My son Jonah seems to be like this. He is always keenly aware of the rules in any situation, and alert to anyone not following them, or to any other source of unfairness, and quick to call it out. Most of his friends are not so preoccupied about fairness, but he does have one or two who are paralyzed by fits of red-faced outrage whenever anything doesn’t go according to the rules.
Having witnessed a couple of those fits, and thinking back over my own life, I’ve lately come to think that those who love rules are at a disadvantage to those who can abide their neglect, who can tolerate ambiguity better. Mr. Spock was only the first officer aboard the Enterprise, after all; it took the greater resiliency of James T. Kirk to be the captain. And while one of Jonah’s friends is pitching a fit, the others are still running around and having a great time, completely unfazed.
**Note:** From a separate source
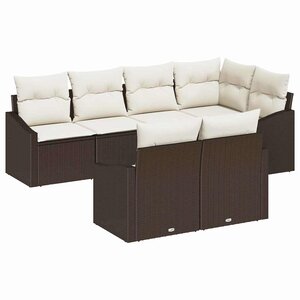 vidaXL Ensemble de salle à manger pour jardin 7 Pièces Marron et Crème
This is what brings us around to current events. This week the U.S. Senate will debate the so-called FISA bill that, among other things, gives retroactive legal immunity to the Bush administration and to various large corporations for illegal warrantless wiretapping activities dating back to before 9/11, and prohibits any details of those illegal activities from ever coming to light. You could have been the subject of illegal surveillance, and if this bill passes, as it is expected to do, you would have no legal recourse for finding out about it, ever. Does this sound fair? Of course not, and those who love playing by the rules have been up in arms about it — red in the face and all but paralyzed, like one of Jonah’s fit-pitching friends. As DailyKos’ Hunter writes:
So, why have activists spent so much effort opposing retroactive corporate immunity as part of new FISA legislation, when there are so many other things in the world to be outraged about? […] It demonstrates a complete lack of regard for the law
and
We were never told why it was so all-fired important […] the only rationale available seems to be the most cynical one — it is merely doing the bidding of companies that provide substantive campaign contributions.
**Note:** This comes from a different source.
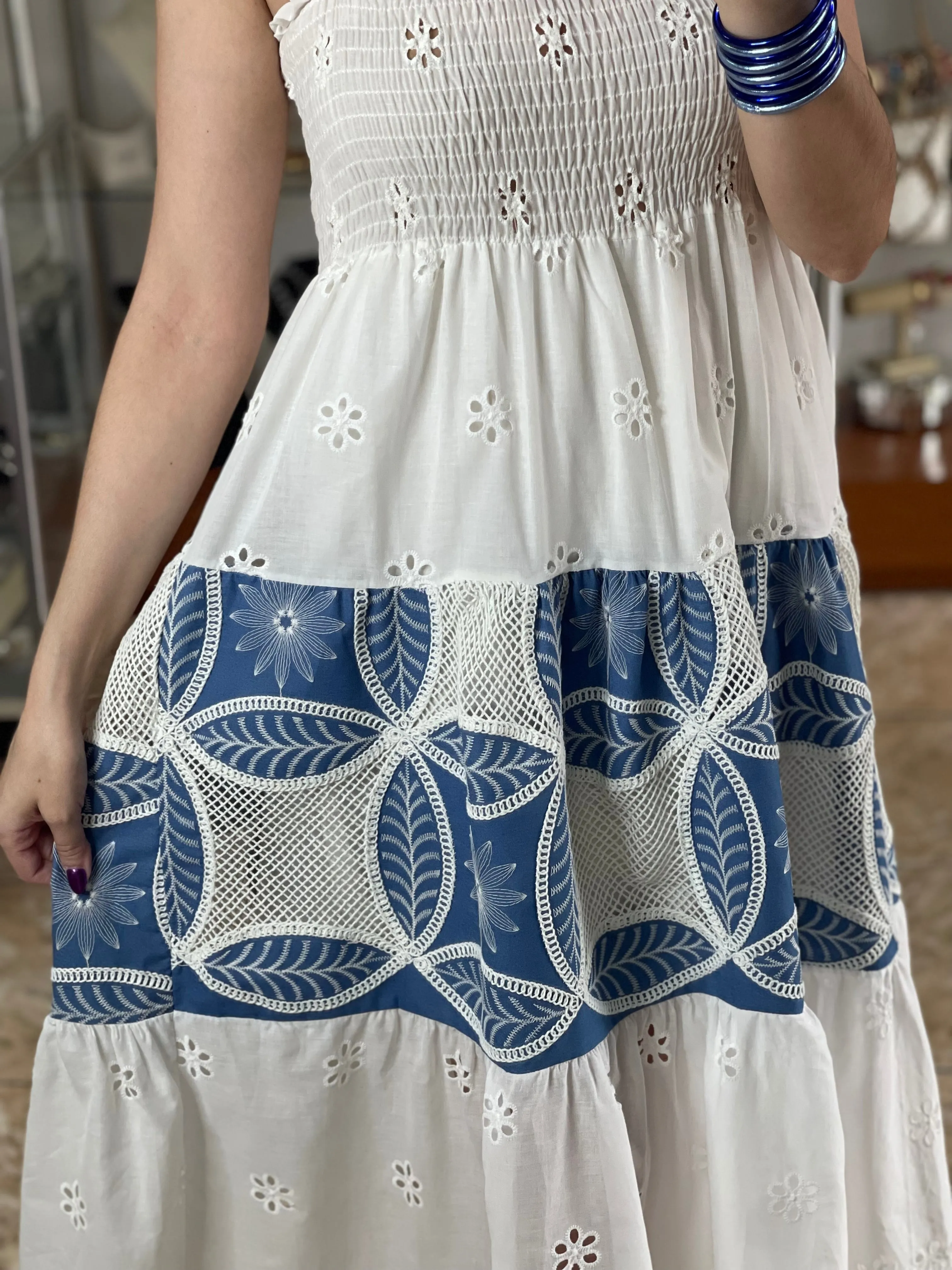 Eyelet/Denim Sleeveless Maxi Dress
So we citizens can believe all we like that everyone’s equal before the law, but in fact if you’ve got pockets deep enough, you can buy whatever kind of law best suits you. Very likely this has always been the reality in America (as it has throughout human history), but all past attempts to tilt the playing field in favor of the powerful and the well-connected at least pretended to be for the common good. This bill does not, and that’s what’s so jaw-droppingly wrong with it: it says that the vaunted “rule of law,” the very bedrock of the Enlightenment and the principle that has always guided America no matter how far she’s strayed from it, is now officially just a fairy tale, and only fools will henceforth strive toward that ideal. If you’re wealthy, go ahead and break whatever laws you like; your pals in Congress will patch things up later.
How many generations will it take for America to recover from abandoning even the pretense of fairness? How much civil unrest? How much political violence?
This is another reason people like me love rules — we can see what life would be without them. But if the rule of law is just a fantasy and always has been, then laying it bare like this might be just the thing we need. Give everyone else a chance to see what life is like without rules. In the end, I predict, though the cost may be high, everyone will love them like I do.